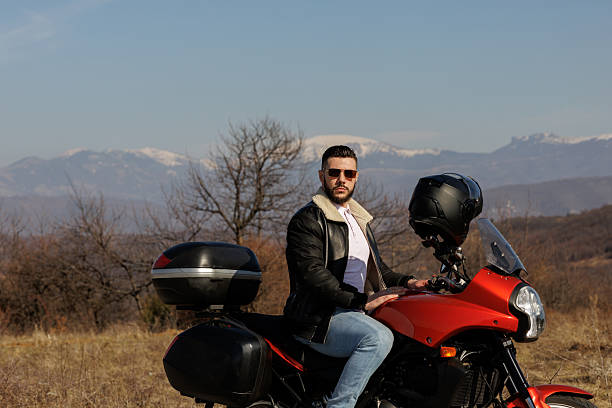 Handsome young biker in leather jacket sitting on his motorcycle while taking a break from ride in sunny nature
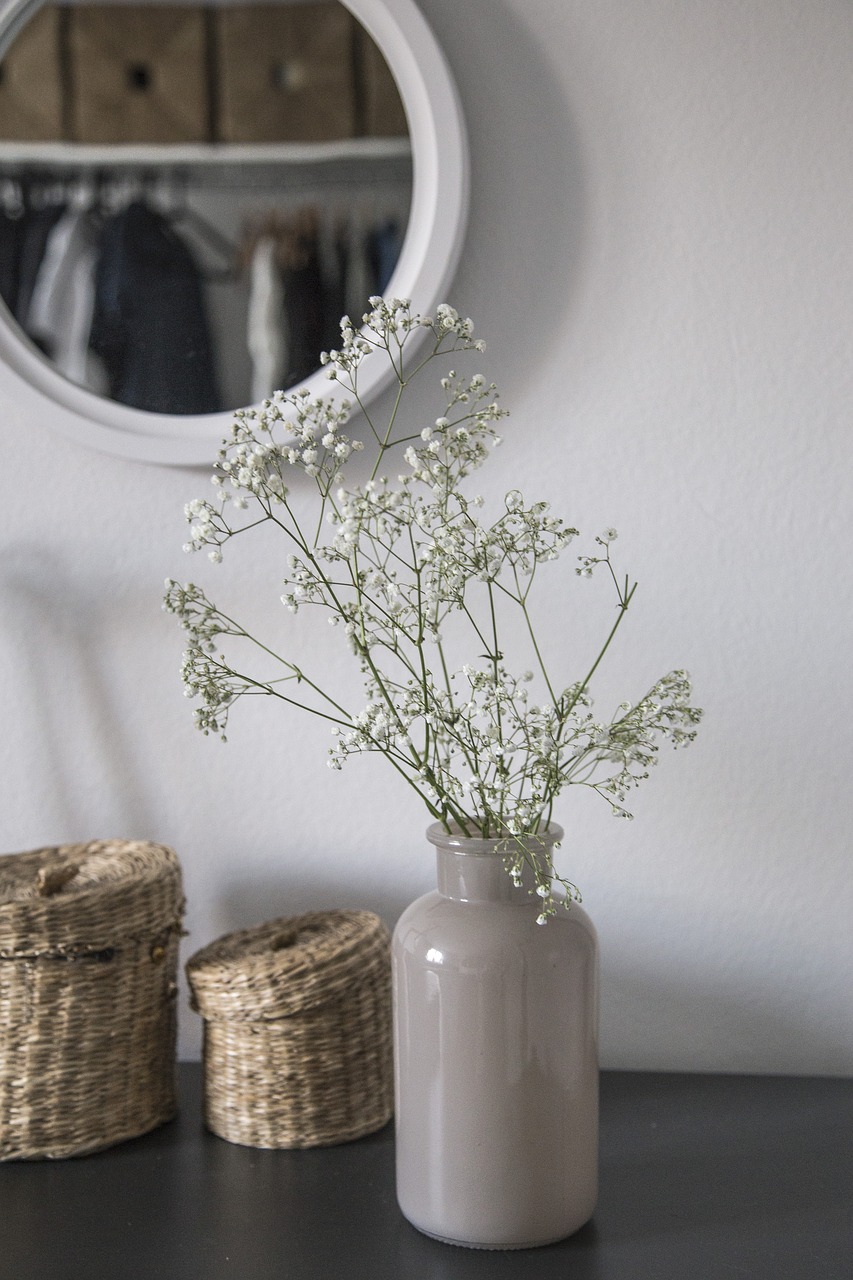 Vase with gypsophila flowers and mirror in the background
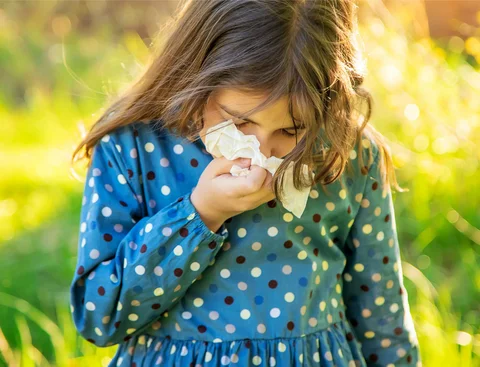 A girl sneezes and holds a handkerchief to her nose.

§

## WORK ITEM
All that is wanted is the lines from the one holding "Vase with gypsophila" through the end of the material, duplicated exactly, with no pictures.

## COMPLETED EXERCISE
 Vase with gypsophila flowers and mirror in the background
 A girl sneezes and holds a handkerchief to her nose.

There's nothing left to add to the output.